Brésil Neymar Robinho 2011
Neymar et Robinho, deux des joyaux du Brésil | AFP - Antonio Scorza

Duels de cadors

Publié le , modifié le

Alors que la France affronte le Chili, d'autres matches amicaux proposent de jolis duels, ce mercredi. Ainsi, le Brésil se rend à Stuttgart pour se mesurer à la sélection allemande. L'Espagne est opposée à un autre géant du football européen, l'Italie. Enfin, Angleterre-Pays-Bas, prévu à Wembley, a été annulé en raison des émeutes qui sévissent actuellement à Londres.

Il est des affiches qui ont de quoi faire saliver tous les amateurs de football. Allemagne-Brésil est de celle-là. En 2002, c'était face à ce même adversaire que les Brésiliens avaient remporté leur 5e titre de champions du monde. En 2005, c'était encore face à l'Allemagne que le Brésil avait décroché son billet pour la finale de la Coupe de Confédération. Alors dire qu'il y a un solide passif entre les deux formations n'est pas usurpé. Dans ces conditions, on peut légitimement s'attendre à une belle bataille à la Mercedes-Benz-Arena. Les cartes ont toutefois un peu changé. Si la Seleçao a largement l'avantage dans ses duels avec la Mannschaft (12 victoires en 20 rencontres), elle montre ces derniers temps un visage un peu moins glorieux. L'équipe de Mano Menezes reste en effet sur une décevante élimination en quart de finale de la Copa America face au Paraguay. Du coup, l'entraîneur brésilien voit en ces matches amicaux le moyen de se refaire la cerise.

Reste que face à une équipe allemande, demi-finaliste lors du dernier Mondial, la tâche pourrait bien ne pas être aisée. "L’Allemagne est forte et a réalisé une très brillante coupe du Monde ce qui nous obligera à beaucoup d’exigences, explique Menezes. C’est ce que je recherche actuellement.(...) Nous devons nous mesurer à des adversaires de même niveau voir supérieurs. Cela engendrera de la pression qui est nécessaire pour nous". Alors qu'une contre-performance pour bien lui couter cher, Menezes a malgré tout décidé de redonner sa confiance aux 23 hommes qui avaient été tenu en échec face au Paraguay.
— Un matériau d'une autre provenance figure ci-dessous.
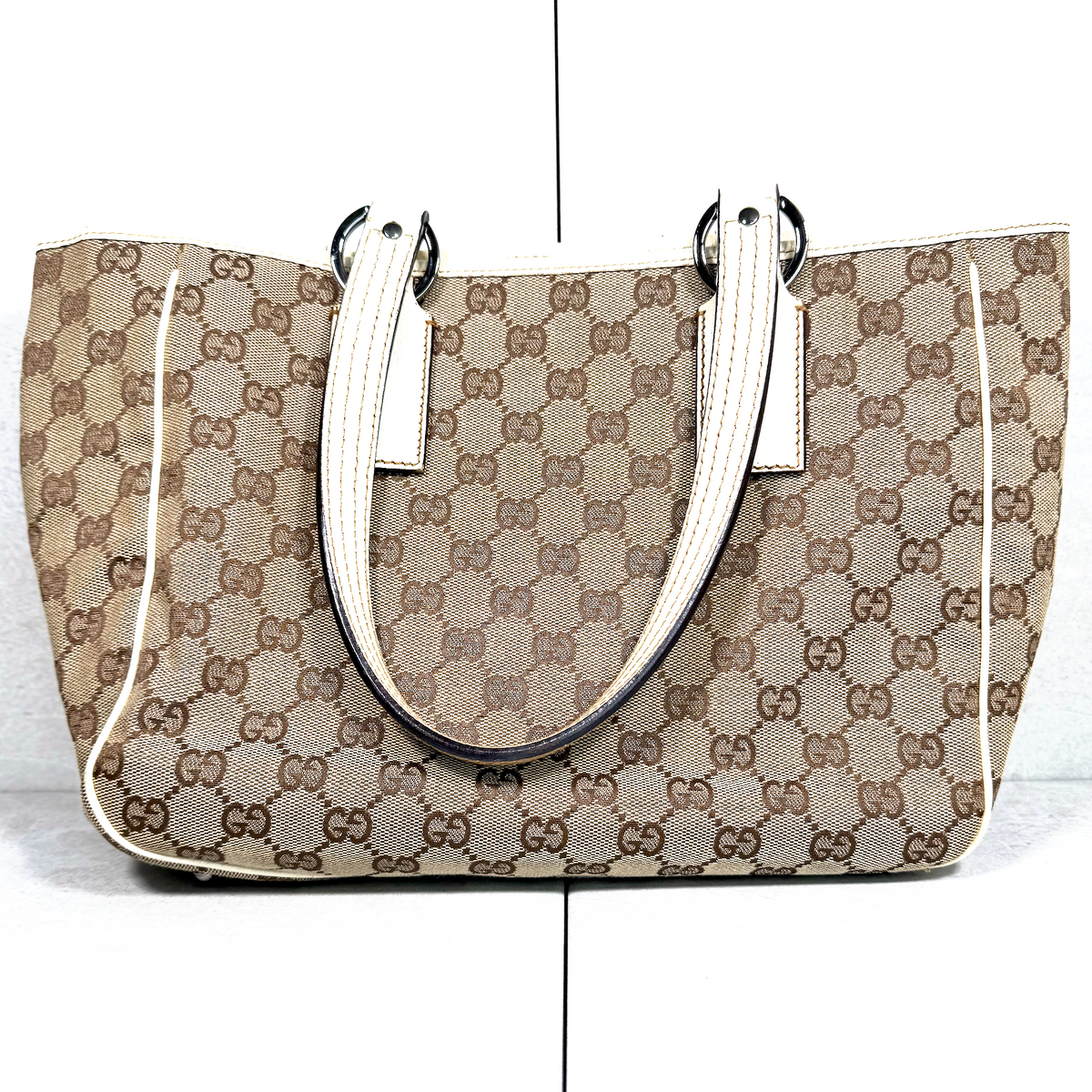 Vintage Gucci GG Canvas Shoulder Tote Bag – Off-White Leather Trim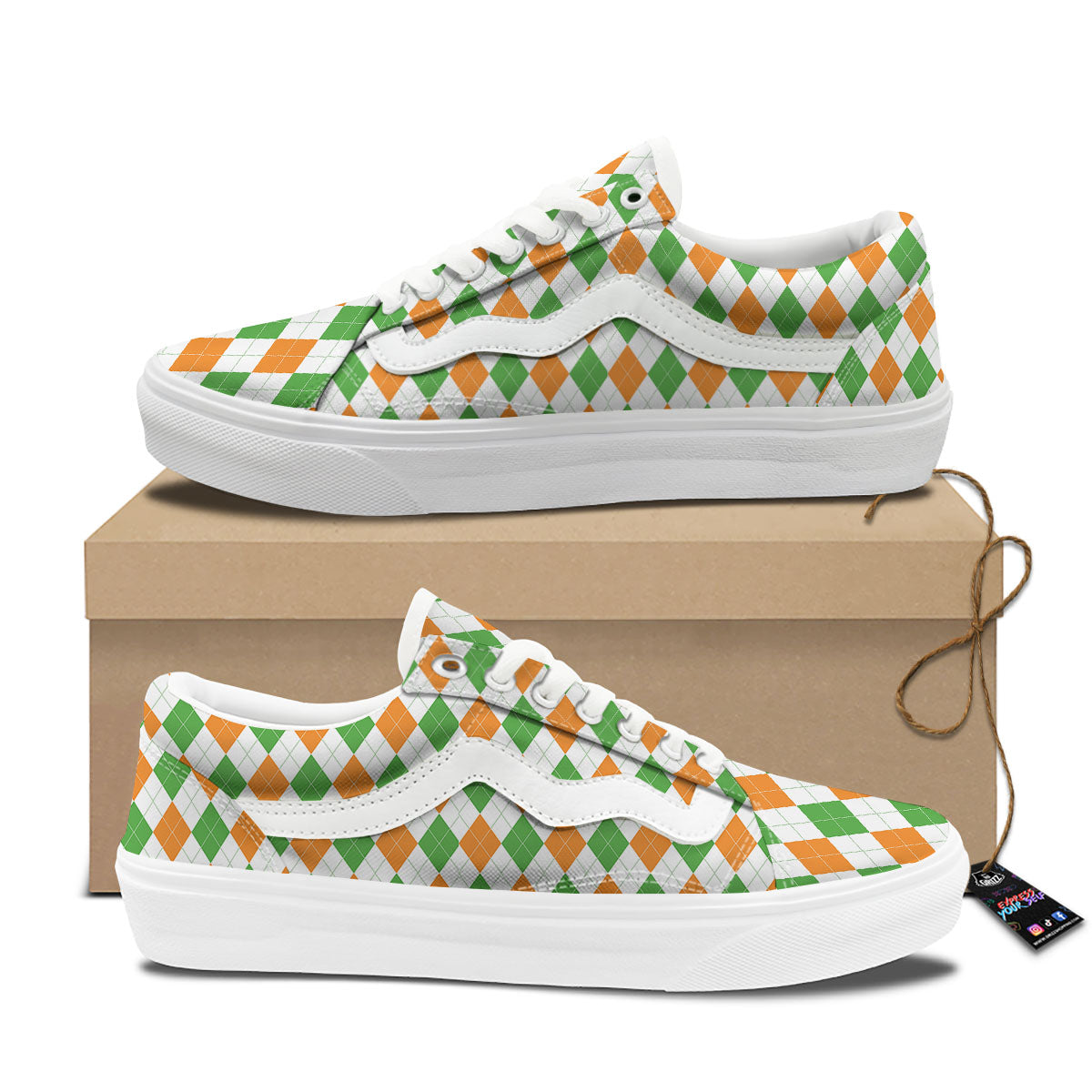 Argyle St Patrick's Day Print Pattern Skate Shoes-grizzshop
De son côté, Joachim Löw a convoqué ses cadres habituels, à l'exception de Sami Khedira et de Mesut Özil. Comme on peut s'y attendre, la sélection allemande aura un fort accent bavarois avec pas moins de huit joueurs issus du Bayern Munich. Enfin, Cacau, absent en équipe nationale depuis fin 2010, devrait faire son retour. Un retour plutôt motivant puisqu'il se fera contre son pays de naissance. 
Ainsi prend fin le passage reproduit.